Enhancing Visual Dialog State Tracking through Iterative Object-Entity Alignment in Multi-Round Conversations
Wei Pang, Ruixue Duan, Jinfu Yang, Ning Li
TL;DR
This work targets Visual Dialog by addressing the neglect of round-level information flows in dialog history. It introduces Multi-round Dialogue State Tracking (MDST), which maintains a $2$-tuple vision-language dialogue state that is updated across rounds to ground each current question and produce accurate, coherent answers, while keeping vision states fixed.

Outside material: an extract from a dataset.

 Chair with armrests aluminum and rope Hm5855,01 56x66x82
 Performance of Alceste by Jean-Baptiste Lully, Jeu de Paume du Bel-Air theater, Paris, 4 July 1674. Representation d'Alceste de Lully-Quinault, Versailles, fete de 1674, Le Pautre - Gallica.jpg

Grounding relies on object-entity alignment and a switching probability to fuse history and current cues, with a Transformer-based encoder-decoder for answer generation and a postdiction step to update language states. On VisDial v1.0, MDST achieves state-of-the-art generative results (including a validation JACC of $79.8\%$) and is validated by human studies showing longer, more human-like answers that remain consistently correct across rounds, all without large-scale pretraining or extra datasets.
Abstract
Visual Dialog (VD) is a task where an agent answers a series of image-related questions based on a multi-round dialog history. However, previous VD methods often treat the entire dialog history as a simple text input, disregarding the inherent conversational information flows at the round level. In this paper, we introduce Multi-round Dialogue State Tracking model (MDST), a framework that addresses this limitation by leveraging the dialogue state learned from dialog history to answer questions. MDST captures each round of dialog history, constructing internal dialogue state representations defined as 2-tuples of vision-language representations. These representations effectively ground the current question, enabling the generation of accurate answers. Experimental results on the VisDial v1.0 dataset demonstrate that MDST achieves a new state-of-the-art performance in generative setting. Furthermore, through a series of human studies, we validate the effectiveness of MDST in generating long, consistent, and human-like answers while consistently answering a series of questions correctly.